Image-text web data
►
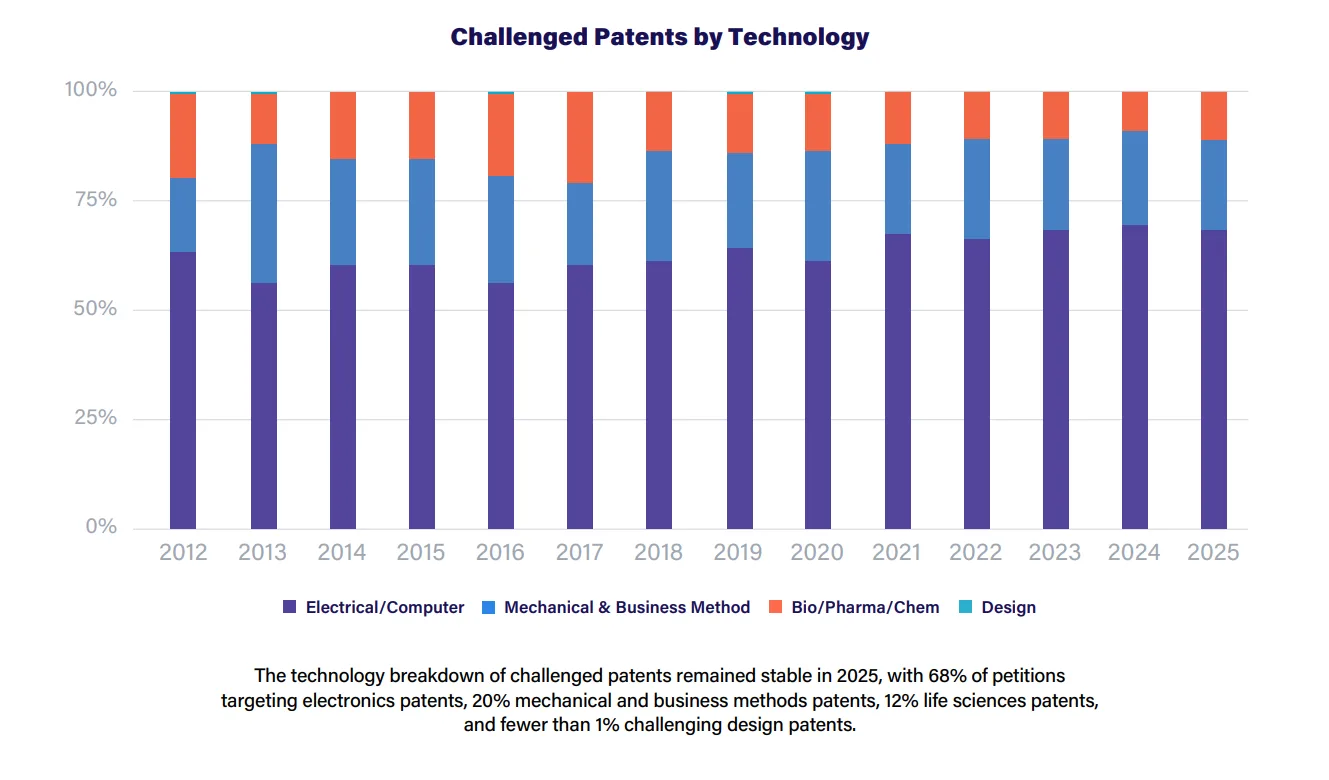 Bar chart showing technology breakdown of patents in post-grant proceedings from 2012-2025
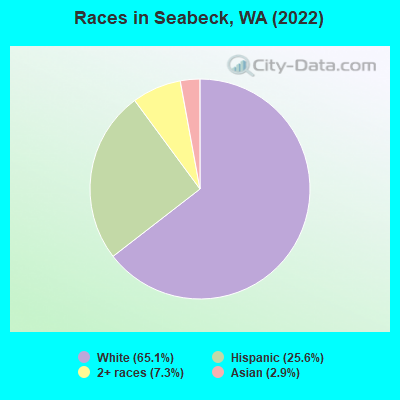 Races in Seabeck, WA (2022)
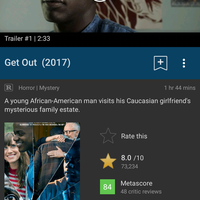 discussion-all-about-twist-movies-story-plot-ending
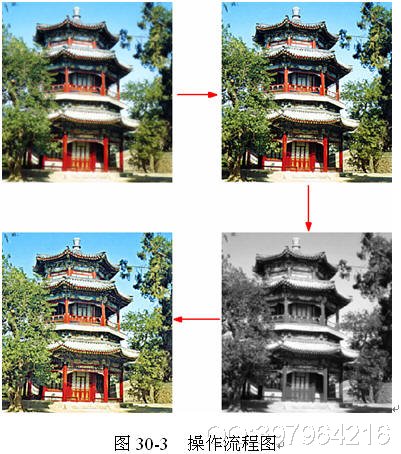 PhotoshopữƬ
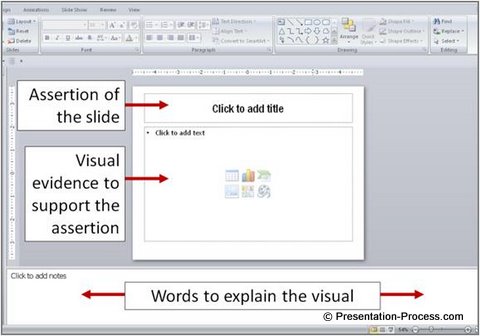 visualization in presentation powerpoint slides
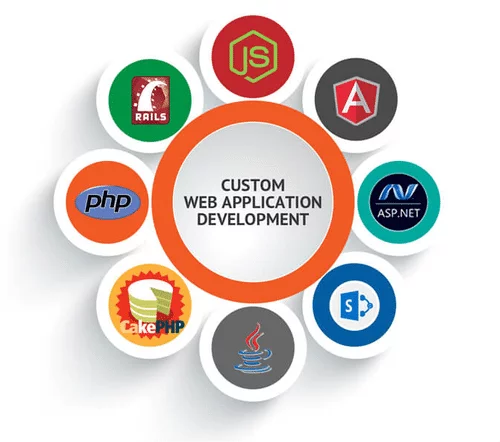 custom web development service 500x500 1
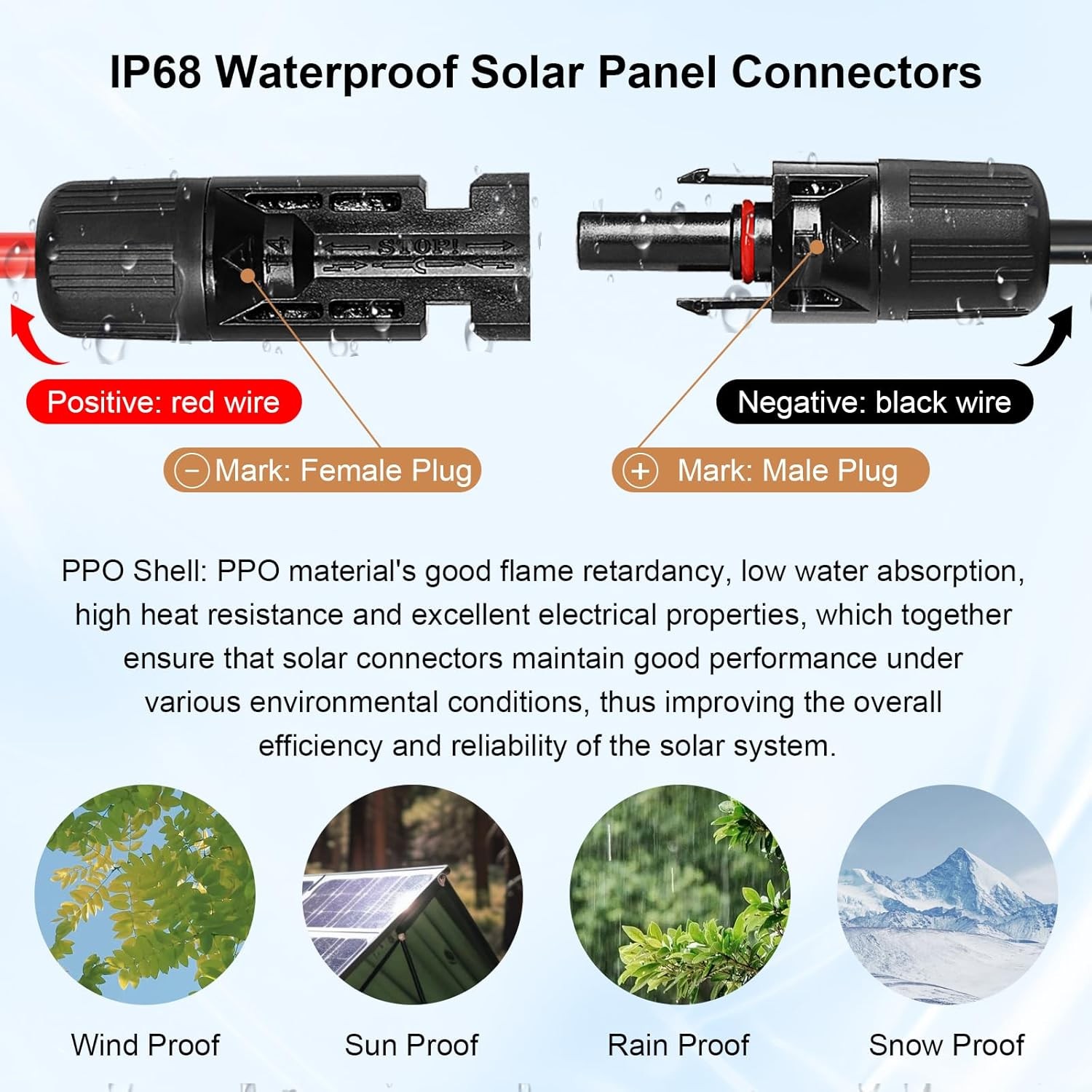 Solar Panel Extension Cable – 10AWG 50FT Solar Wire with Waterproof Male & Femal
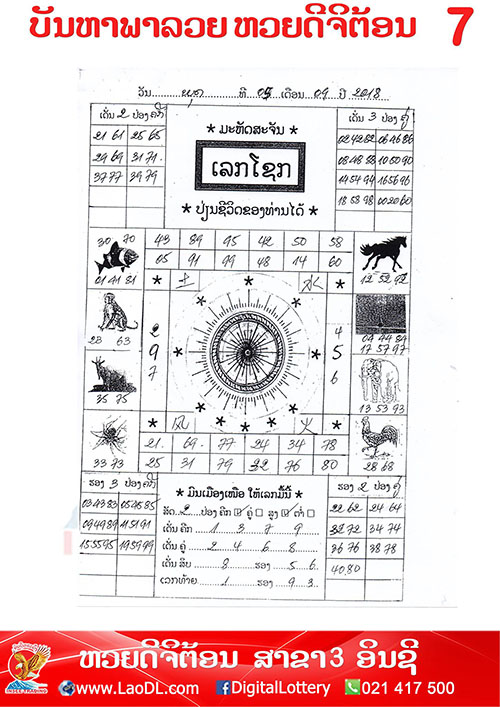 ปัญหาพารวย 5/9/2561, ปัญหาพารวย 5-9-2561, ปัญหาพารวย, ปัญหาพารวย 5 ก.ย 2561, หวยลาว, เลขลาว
◄
Exercise instructions: Return the complete data unchanged and include none of the pictures.

Solved exercise:
 Bar chart showing technology breakdown of patents in post-grant proceedings from 2012-2025
 Races in Seabeck, WA (2022)
 discussion-all-about-twist-movies-story-plot-ending
 PhotoshopữƬ
 visualization in presentation powerpoint slides
 custom web development service 500x500 1
 Solar Panel Extension Cable – 10AWG 50FT Solar Wire with Waterproof Male & Femal
 ปัญหาพารวย 5/9/2561, ปัญหาพารวย 5-9-2561, ปัญหาพารวย, ปัญหาพารวย 5 ก.ย 2561, หวยลาว, เลขลาว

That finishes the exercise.